WHAT YOU SHOULD DO ▸ When copying the data below, keep only the lines from the one with "Unicorn-Bubble GunUnicorn Toys" through the one with "In February Nursing", word for word, and skip the pictures.

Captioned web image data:

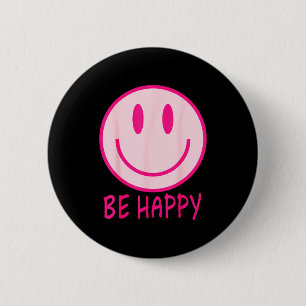 Chapa Redonda De 5 Cm Sé feliz años 70 80 sonrisa rosa cara feliz sonrie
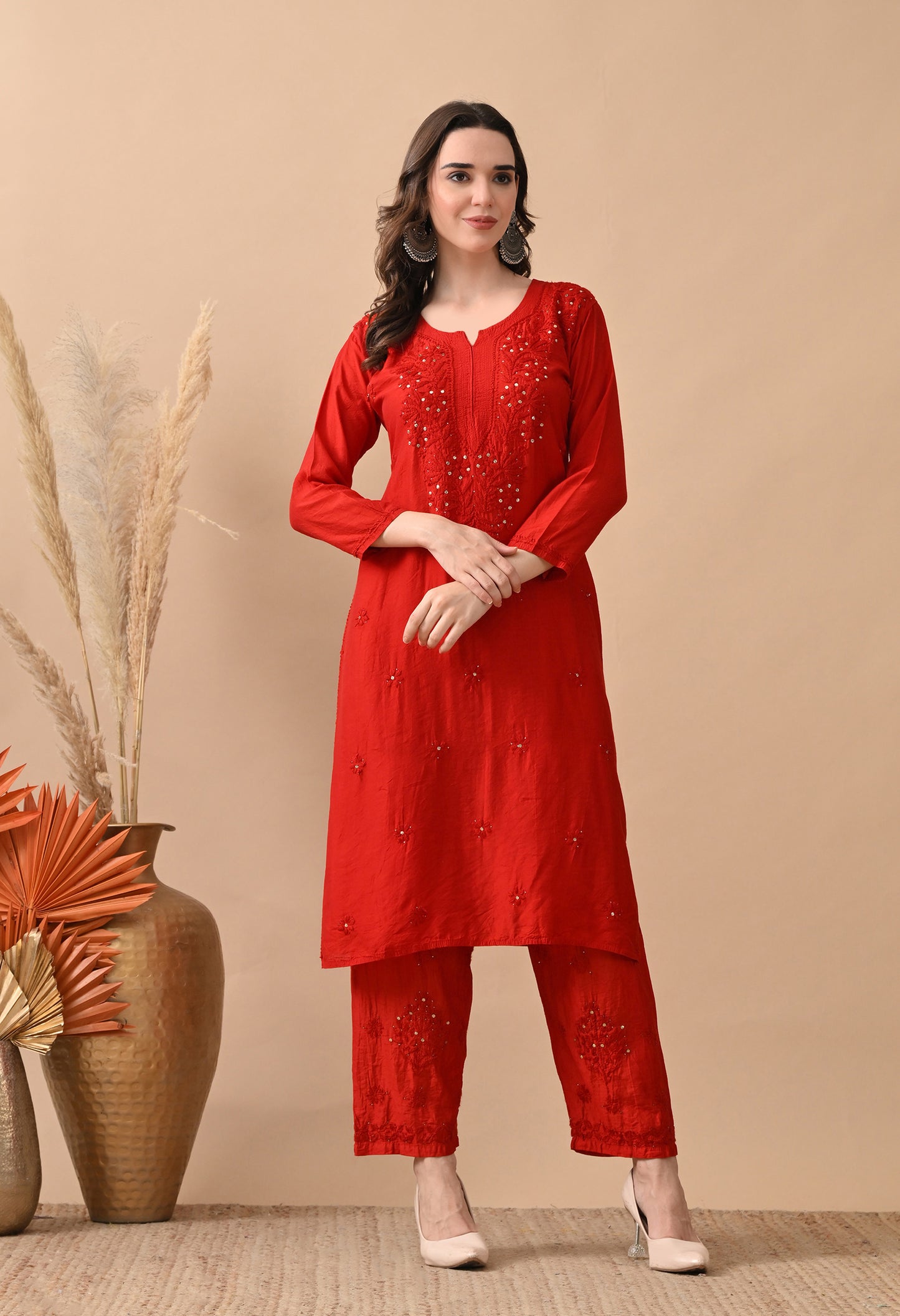 Anam chanderi silk chikankari set with pants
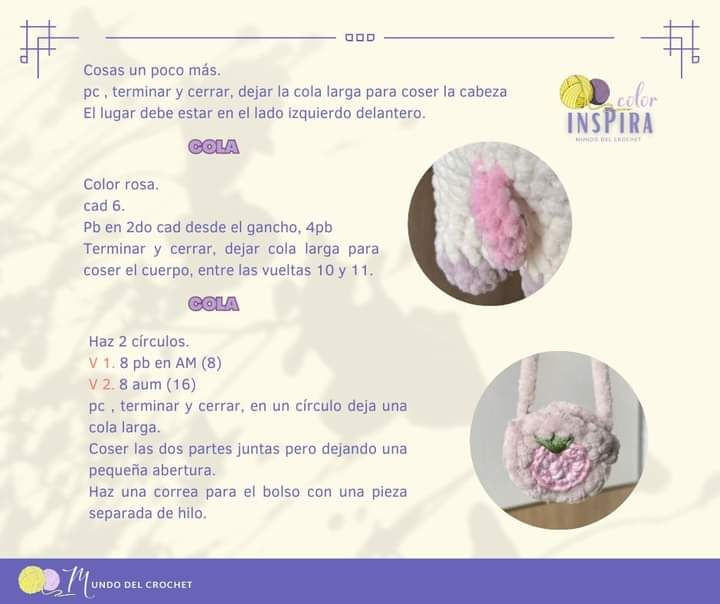 Bolsa de fresas Vaca Amigurumi: Patrón gratuito de búp bê bò với túi dâu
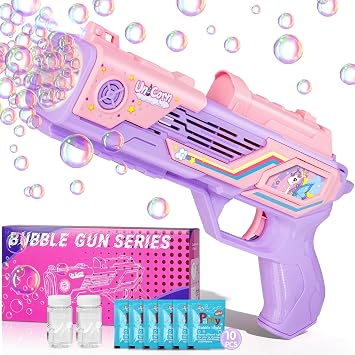 Unicorn-Bubble GunUnicorn Toys for Girls Age 4-6, Outdoor Toys for Kids Ages 4-8, 3+ Year Old Girl Gifts, Easter, Summer, Wedding, Party Favors, Halloween, Birthday Gifts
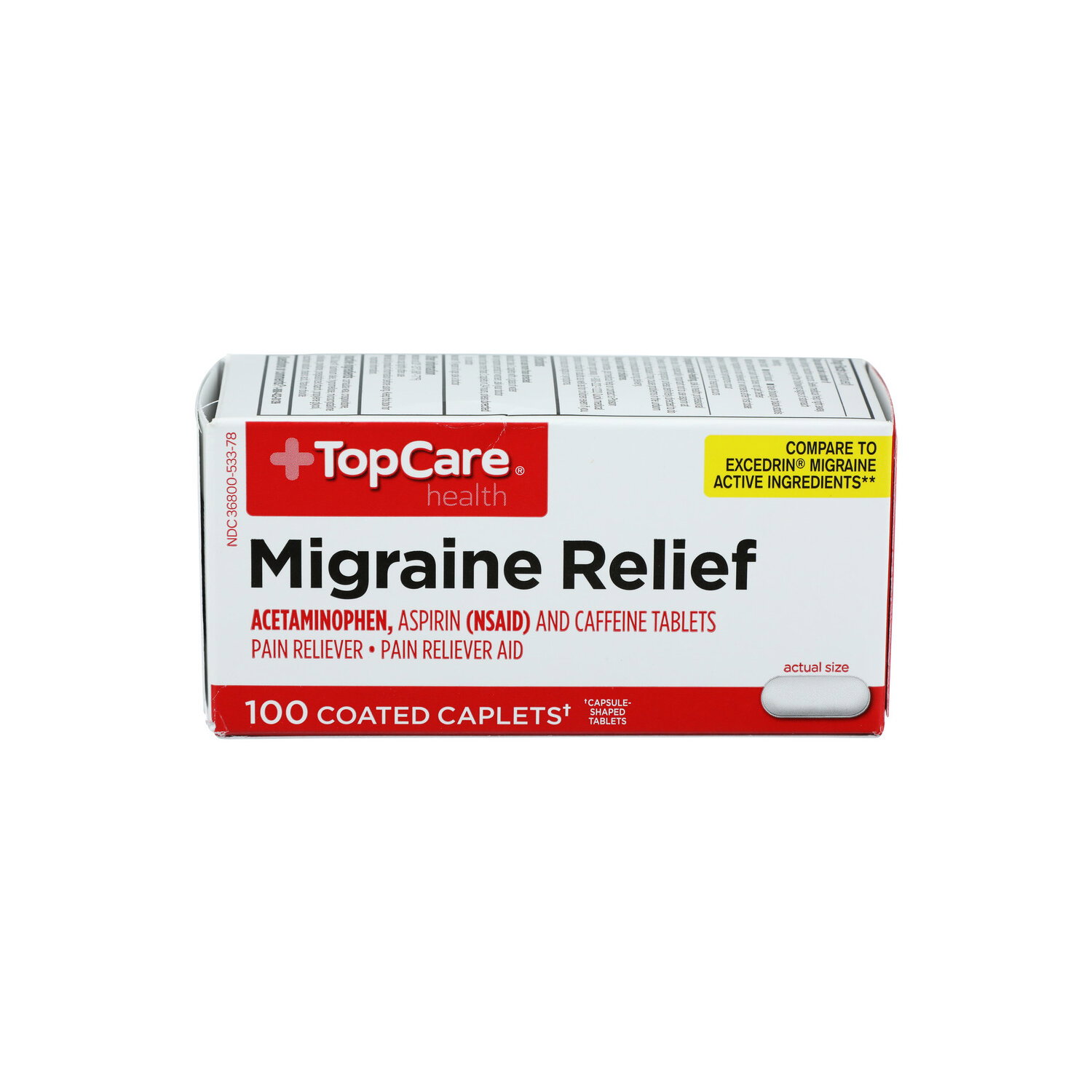 Top Care Health Migraine Relief Caplets - 100 Count Image 1 of 4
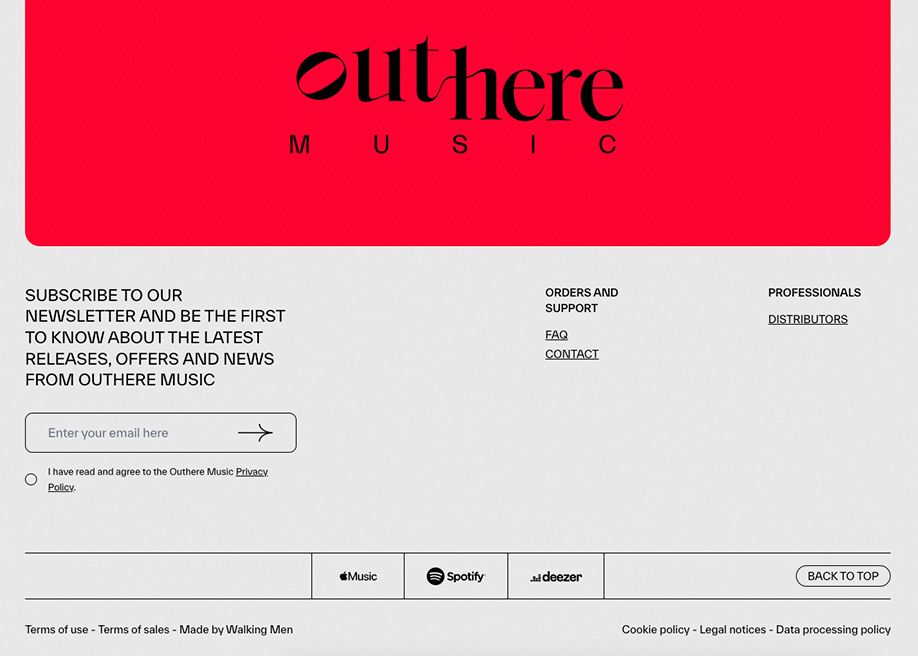 Outhere Music  - Footer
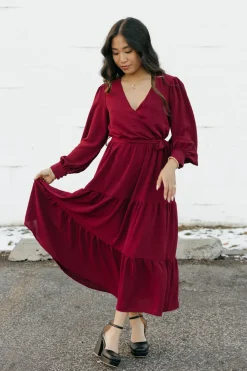 In February Nursing Friendly|Bridesmaid's Dresses<Harlen Dress-Burgundy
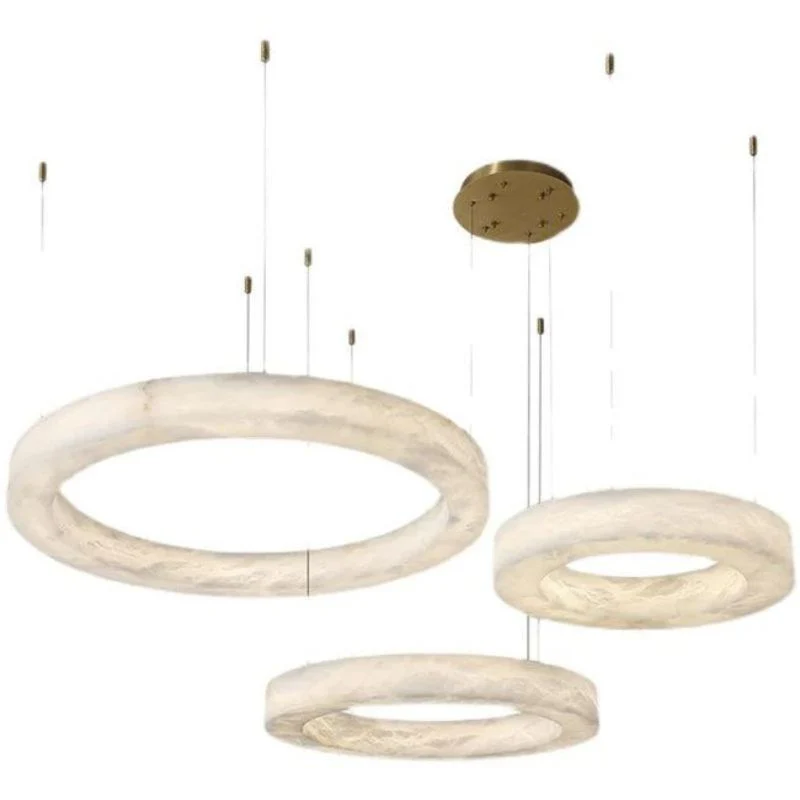 Aurora Alabaster Living Room Round Pendant Chandelier - Image 5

ANSWER ▸
 Unicorn-Bubble GunUnicorn Toys for Girls Age 4-6, Outdoor Toys for Kids Ages 4-8, 3+ Year Old Girl Gifts, Easter, Summer, Wedding, Party Favors, Halloween, Birthday Gifts
 Top Care Health Migraine Relief Caplets - 100 Count Image 1 of 4
 Outhere Music  - Footer
 In February Nursing Friendly|Bridesmaid's Dresses<Harlen Dress-Burgundy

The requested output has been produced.